Но и тогда я помнил об ином Горьком – о Горьком-бродяге, о Горьком-бунтаре, об этом дивном романтике, влюбленном в море, солнце, Мальву и вольную жизнь без крепкого быта и без постыдного трепета за завтрашний день.

В «Исповеди» Максима Горького я вновь услышал голос вольнолюбивого мечтателя, умеющего видеть золотые сны и, главное, верить в них.

Пусть «Исповедь» Горького – произведение невысокого искусства, пусть художественное несовершенство этой вещи явно: возможно ли и надо ли предъявлять к Горькому те требования, какие мы предъявляем к мастерам-завершителям, к утонченным стилистам и остроумным техникам слова – к Федору Сологубу или к Алексею Ремизову?

Горького надо принять в его великолепном варварстве, с его наивной любовью к земле. Было страшно и стыдно за Горького, когда он оторвался от земли: дутая риторика «Человека» и смешных драм была невыносима. Но в «Исповеди» Горький вновь вернулся в свою живую стихию, и – какова бы ни была философия «Исповеди» – вся она обвеяна ветром родной земли «Чувствуешь, что около тебя на всем круге земном притаилась жизнь, отдыхая в чутком полусне, и совестно, что телом твоим ты примял траву. Ночная птица бесшумно летит, ожил, оторвался кусок земли и, окрылен своим желанием, несется исполнить его. Мыши шуршат… Иной раз по руке у тебя быстро перекатится мягкий комок – вздрогнешь и еще глубже чувствуешь обилие живого, и сама земля оживет под тобой, сочная, близкая, родная тебе. И слышишь, как она дышит, хочешь догадаться, какой сон видится ей и какие силы тайно зреют в глубине ее, как она завтра взглянет на солнце, чем обрадует его красавица, любимая им».

Когда прислушиваешься к этим внятным и живым словам, как будто видишь человека, бежавшего из тюрьмы: около трех лет (боюсь перепутать сроки) Максим Горький сидел за тюремной решеткой коротеньких мыслей о своем бутафорском безличном человеке.

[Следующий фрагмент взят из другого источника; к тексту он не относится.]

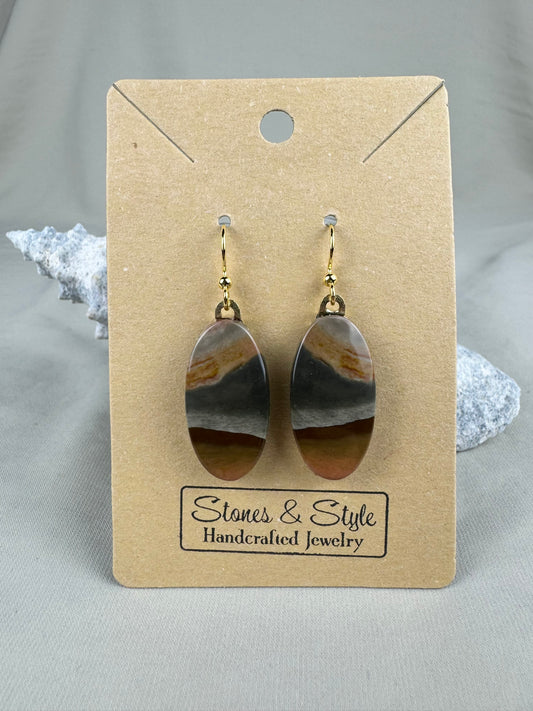 Polychrome Jasper Earrings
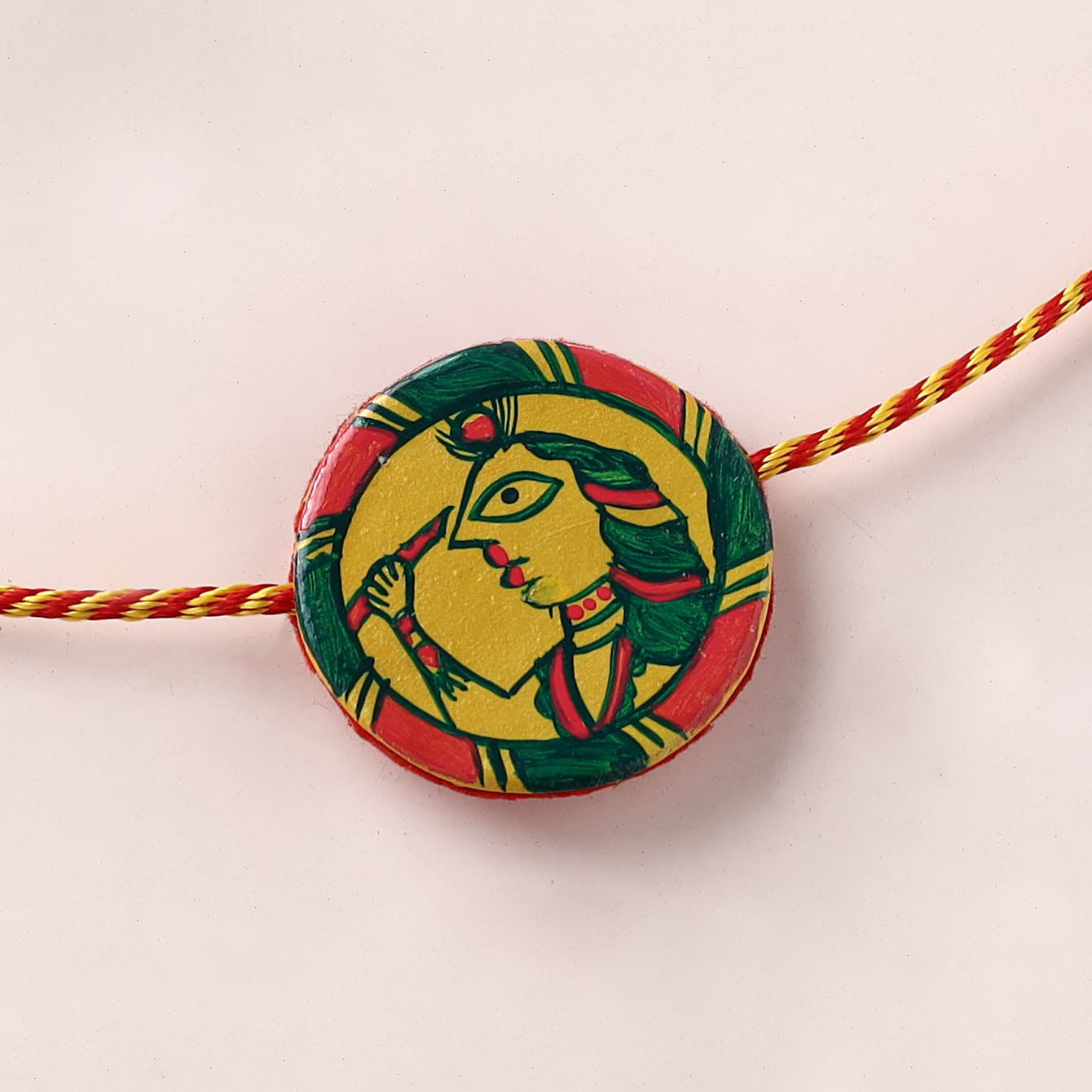 Manjusha Art Handpainted Resin Rakhi 26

Теперь, слава Богу, он вновь полюбил землю, и если эта любовь еще не последняя и несовершенная любовь, то все же она неизмеримо драгоценнее и желаннее, чем любовь к автоматическому человеку, который шагает «совсем как живой», задирая ноги, по команде, «все выше и выше».

Надо уметь любить землю.

«Словно таешь, прислонясь ко груди ее, и растет твое тело, питаясь теплым и пахучим соком милой матери твоей; видишь себя неотрывно, навеки земным и благодарно думаешь:

– Родная моя.

Струится от земли невидимый поток добрых сил, текут по воздуху ручьи пряных запахов – земля подобна кадилу в небесах, а ты – уголь и ладан кадила. Торопливо горят звезды, чтобы до восхода солнца показать всю красоту свою; опьяняют, ласкают тебя любовь и сон, и сквозь душу твою жарко проходит светлый луч надежды: где-то есть прекрасный Бог».

Д. В. Философов хорошо сделал, что взял назад свое неосторожное слово о «конце» Горького. Нельзя говорить о «конце» писателя, когда жива любовь его. Но Горький не только умеет любить, он умеет верить. И даже не разделяя веры Горького, нельзя не восхищаться этой верой и нельзя не славить за нее этого удивительного человека. Я не боюсь сказать парадокса, утверждая, что Максим Горький – самый верующий из современных писателей. Каков объект его веры – это иной вопрос, но природа его переживаний определяется именно верой. И пафосом этой веры «Исповедь» исполнена так безмерно, что уже одно это возвышает новое произведение Максима Горького и заставляет вновь переоценить значение этого писателя.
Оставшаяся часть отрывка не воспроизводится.